Now technically, the CPUs in Series X and PS5 are based on mobile Radeon CPUs, so they're already pretty good at power efficiency. Sony just wanted even more power efficiency so they implemented variable clocks and Smart Shift. Microsoft went with lower GPU clocks and that's probably why they felt they could get away with fixed clocks on their CPU. But considering a game isn't going to always be taxing the CPU and GPU simultaneously, it probably makes more sense to shift the power budget between the CPU and GPU as needed.

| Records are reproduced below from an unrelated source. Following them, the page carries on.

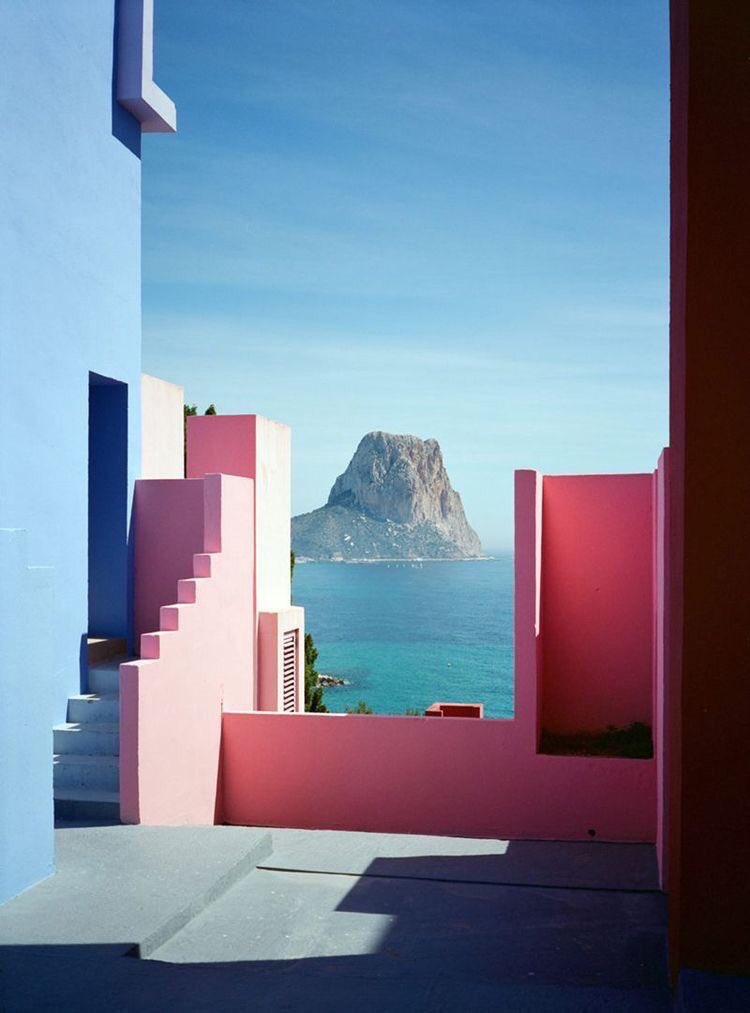 earthchive's tweet photo. La Muralla Roja, Spain https://t.co/KbO82s08fB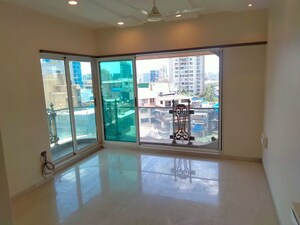Room in 3 BHK Apartment at Khar West – for Rent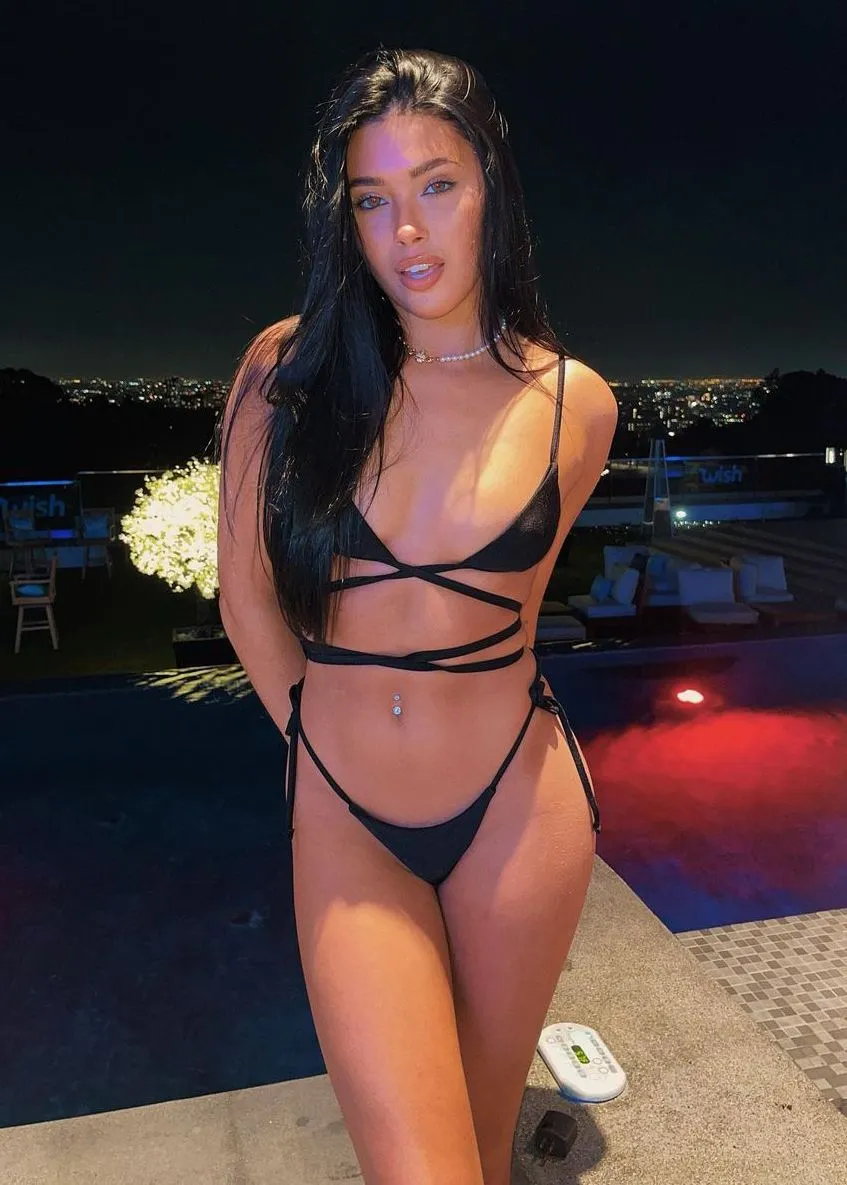 Alexis Braun Sexy (11 Photos)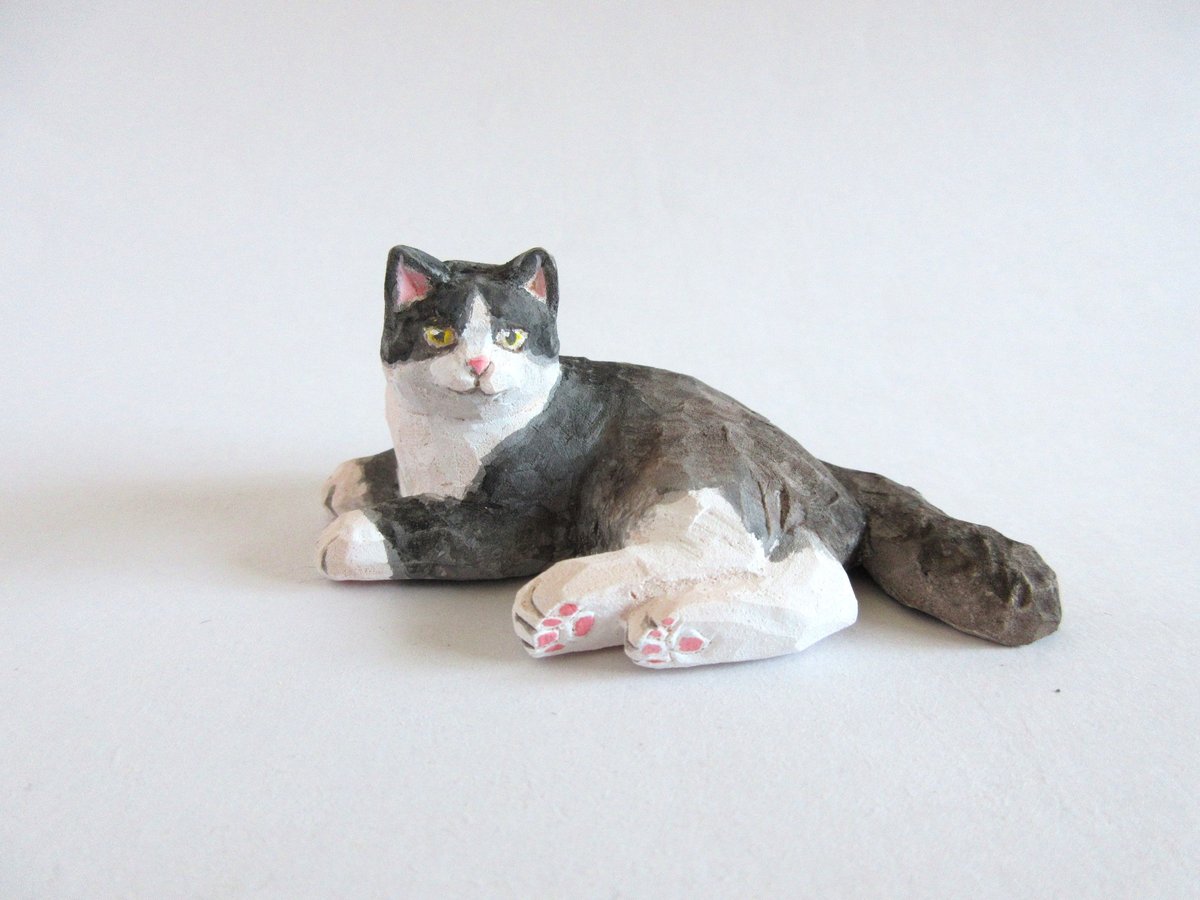 木彫り　工房くろいわ　寝る猫 木彫り 工房くろいわ 寝る猫 あたり工房 木彫り猫＊寝そべり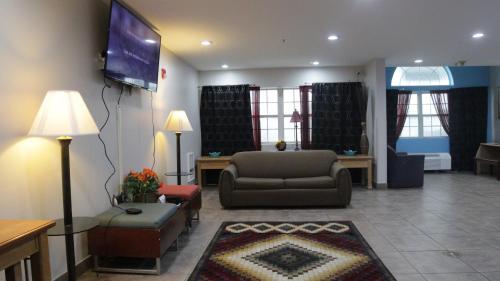 Hotel America's Best Value Inn And Suites - Jackson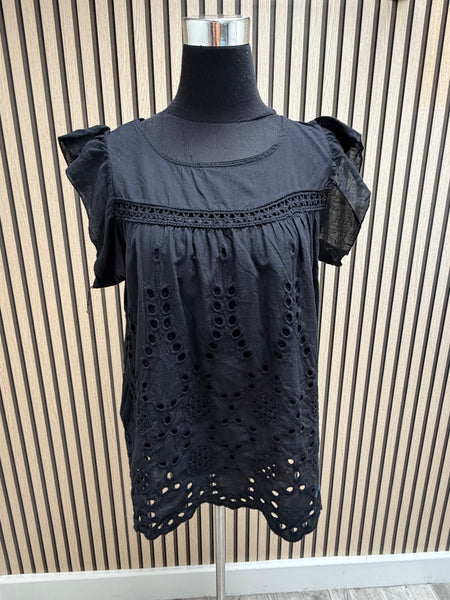Broderie anglaise swing  top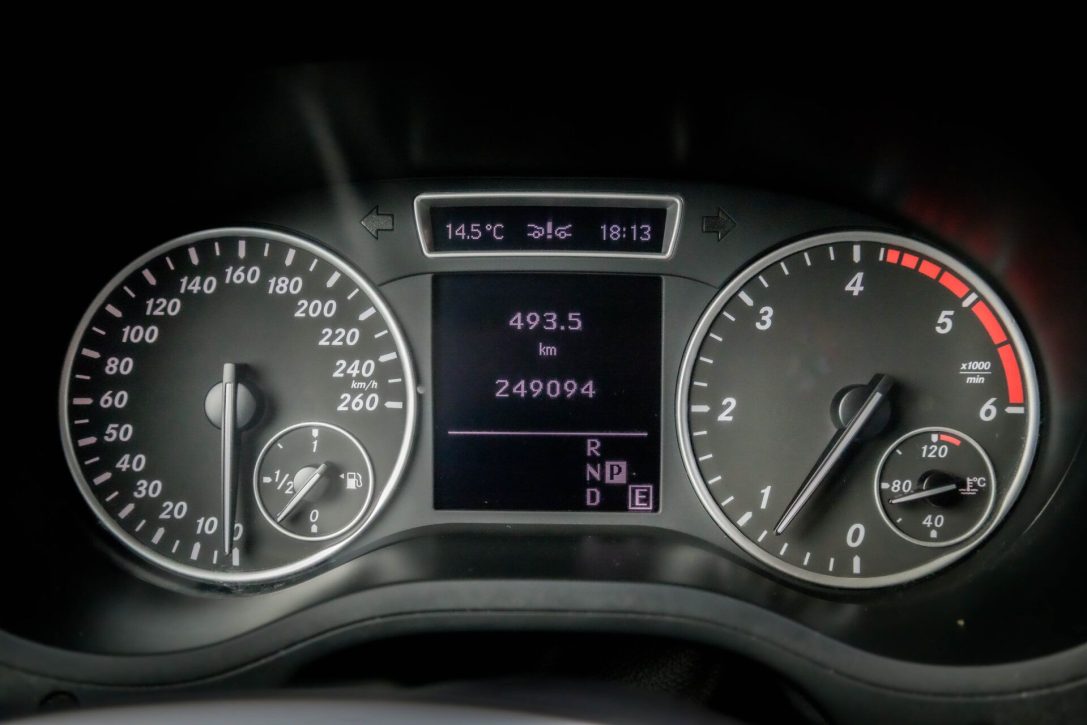 MERCEDES BENZ B 200
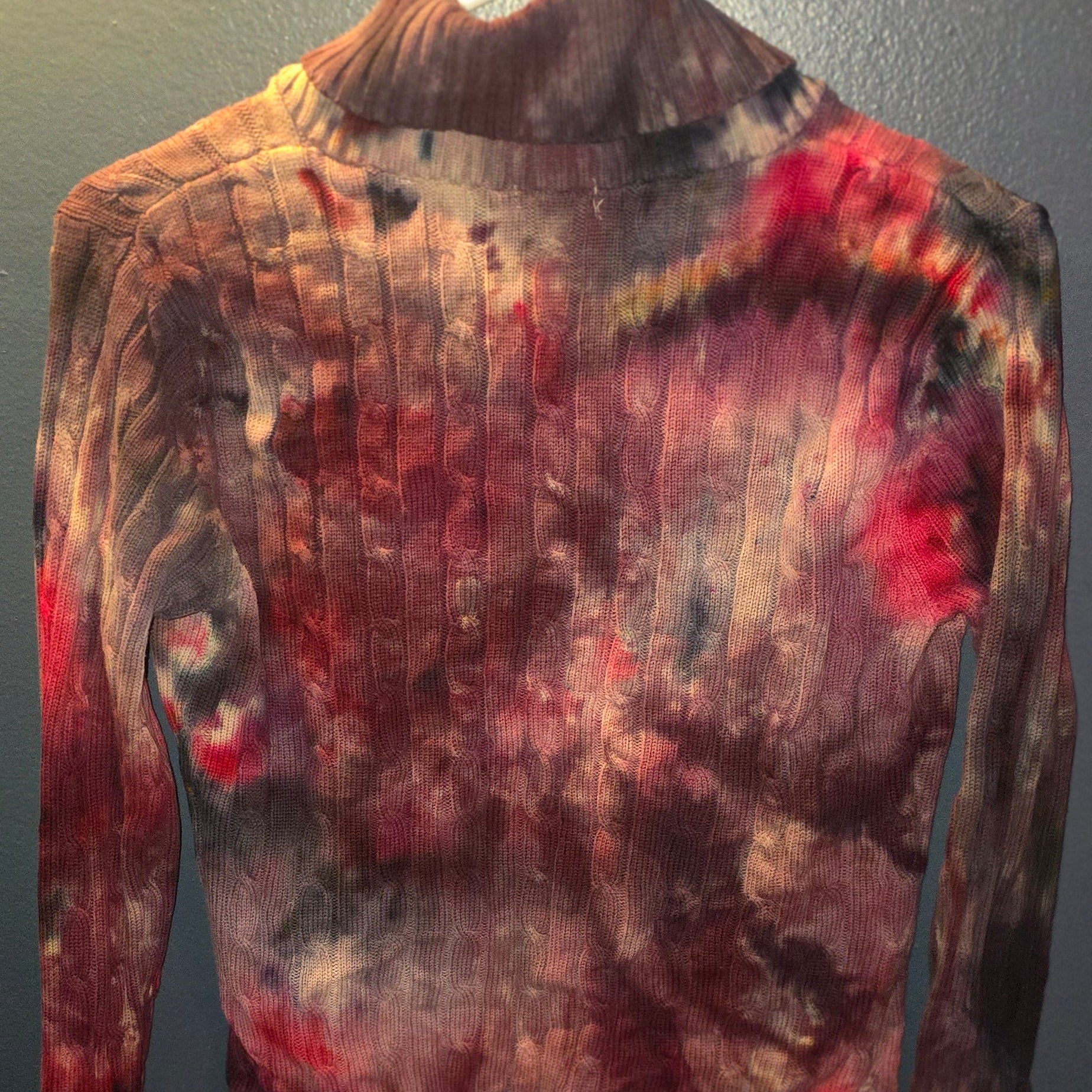 Upcycled Tie-Dye Ribbed Turtleneck – Liz & Co Women’s Medium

And, since PS5 is shifting its power budget around, it "can't" lock its CPU clock. Yet their CPU is still more efficient than Series X's, because they offloaded a ton of the I/O operations to dedicated silicon rather than relying on CPU cycles to process them. You try saying this leads to unpredictable performance, but we've seen more than enough multiplat games the past four years showing that isn't really an issue and, more often than not, PS5 having slight performance advantages over Series X. Games know generally where the upper limits of the CPU will be if the GPU is under full load and vice-versa. Otherwise if the game's running logic that doesn't require full clocks, the CPU won't run at full clocks and saves power along the way.
So if I was wrong on anything, it was assuming how Series' CPUs functioned. Had to go look up some info on that front, that's my bad. But, in hindsight, I think it just shows why, with systems as high-performance as the 9th-gen consoles, why a dynamic power profile & clocks works out better in the long-term, when you want to save as much on power consumption as possible. Sony had a performance profile that necessitated a different approach, and it just so happens they made the better choice. They got something equal to Series X (sometimes better) in the majority of 3P games, while having a cheaper APU and even cheaper CPU (they cut out some of the unneeded units).
However, if PS5 had a weaker GPU and still did variable clocks,
AND it didn't have the dedicated I/O silicon or other customizations...then yes, the fixed clocks approach of Series X would unquestionably be the better solution of the two.